Without including pictures, set down every record exactly as it stands.

---+---

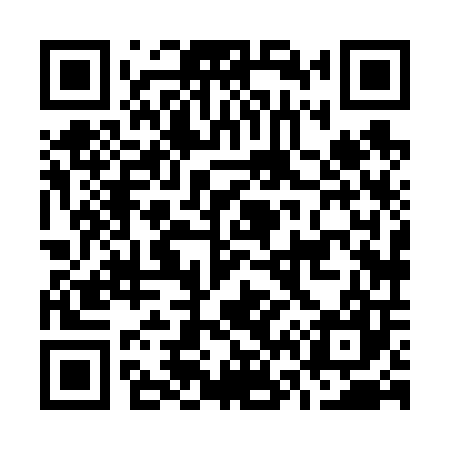 QR code for O68607
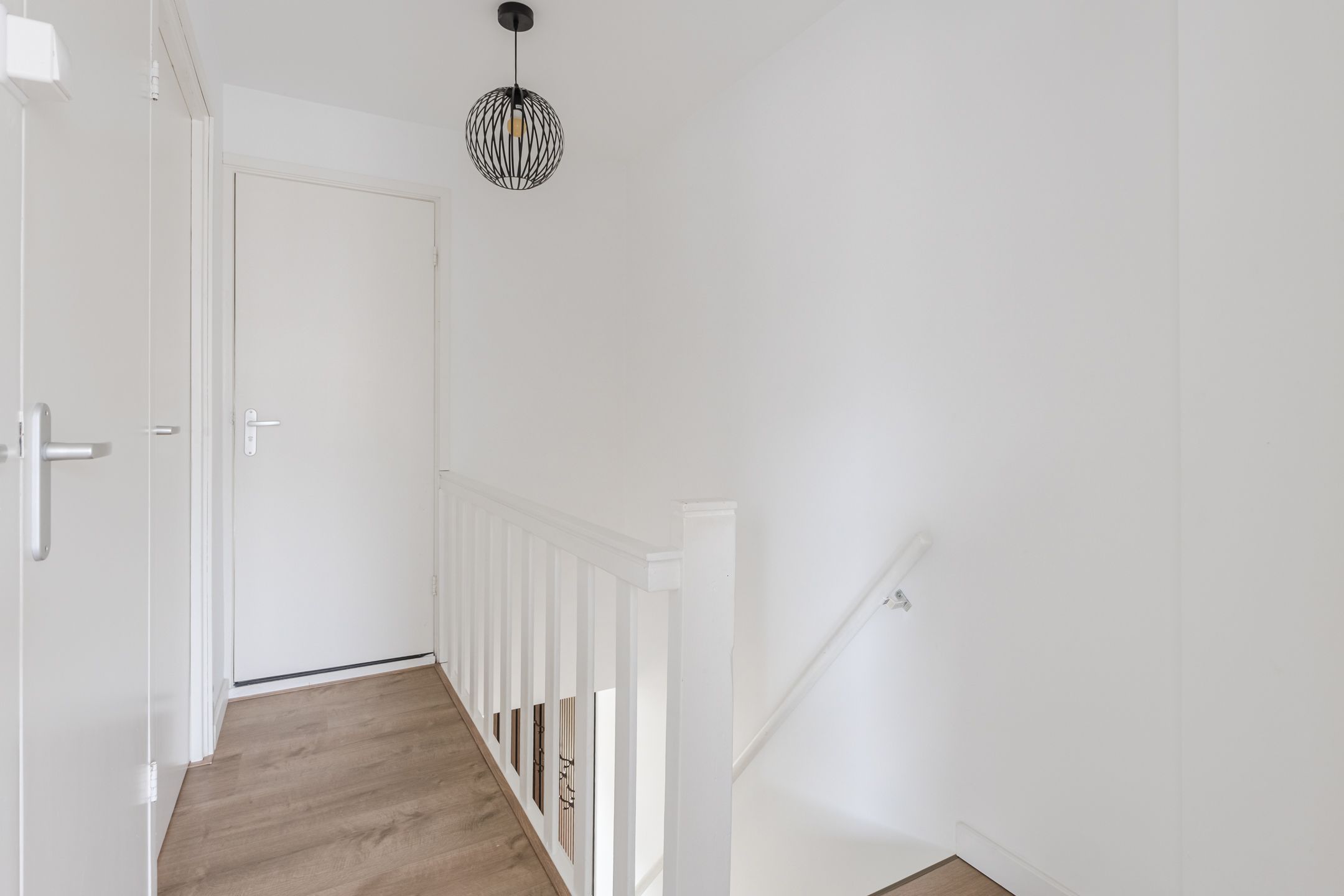 Photo 33 of Texelstraat 52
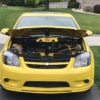 Custom Hood Props - Image 16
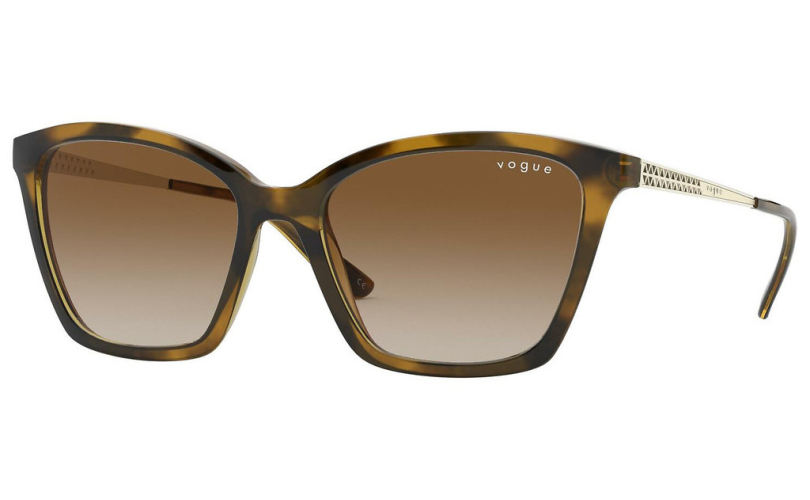 VOGUE VO5333S - W656/13 - 54 - 1 - Skyoptic.ro VOGUE VO5333S - W656/13 - 54 - 1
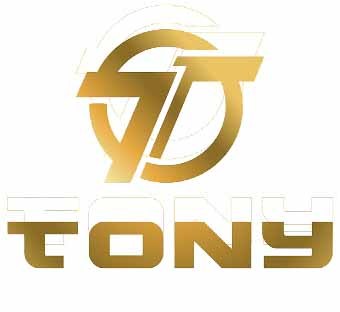 Tianjin Tony Technology Co., Ltd. logo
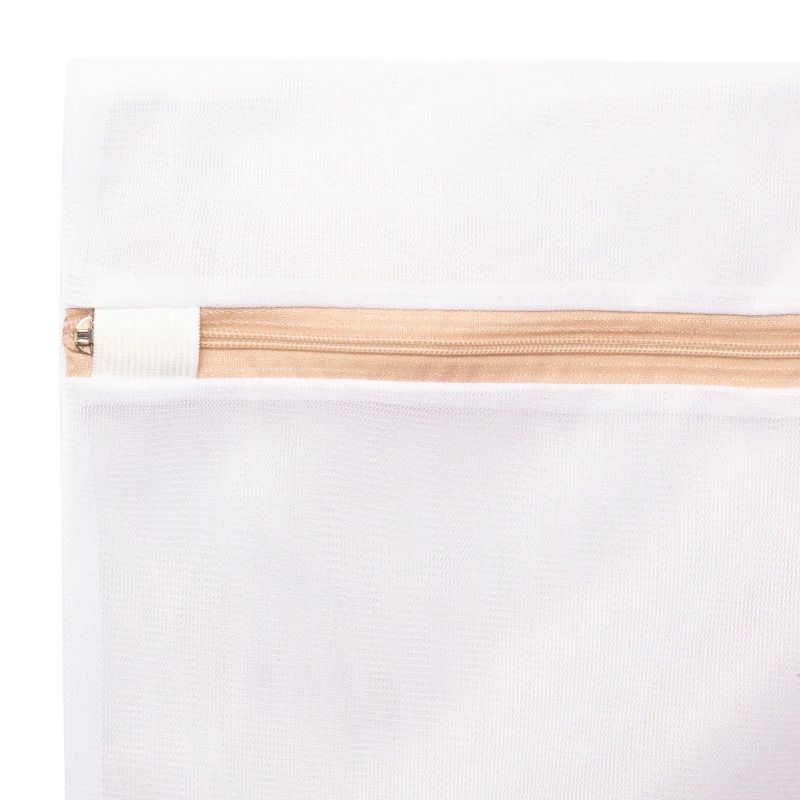 Stuckies Laundry Bag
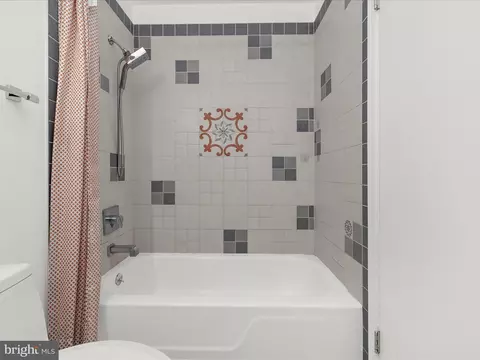 1717 Fallsway Dr, Crofton, MD 21114 photo 26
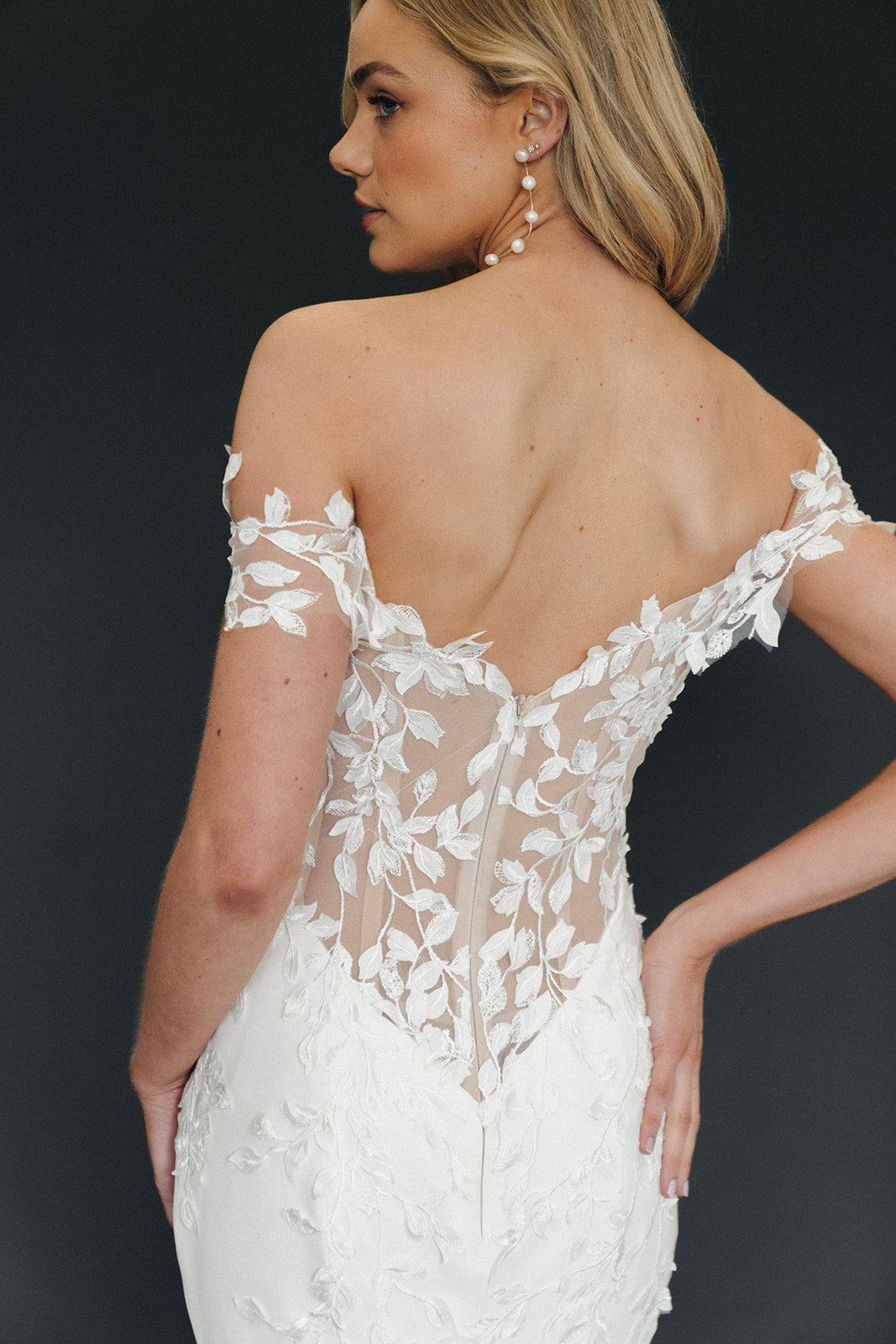 Moira Hughes Sicily Gown Illusion Statement Lace Back.jpg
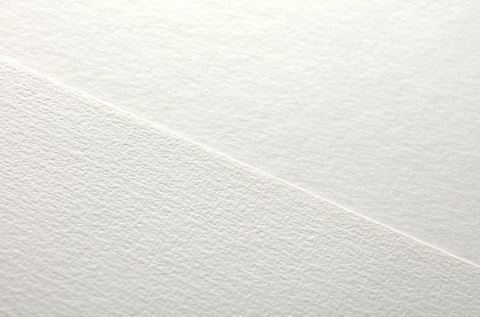 Blok akwarelowy AQUAPAD A5, 300g, 70 ark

---+---

**Output for this exercise**:
 QR code for O68607
 Photo 33 of Texelstraat 52
 Custom Hood Props - Image 16
 VOGUE VO5333S - W656/13 - 54 - 1 - Skyoptic.ro VOGUE VO5333S - W656/13 - 54 - 1
 Tianjin Tony Technology Co., Ltd. logo
 Stuckies Laundry Bag
 1717 Fallsway Dr, Crofton, MD 21114 photo 26
 Moira Hughes Sicily Gown Illusion Statement Lace Back.jpg
 Blok akwarelowy AQUAPAD A5, 300g, 70 ark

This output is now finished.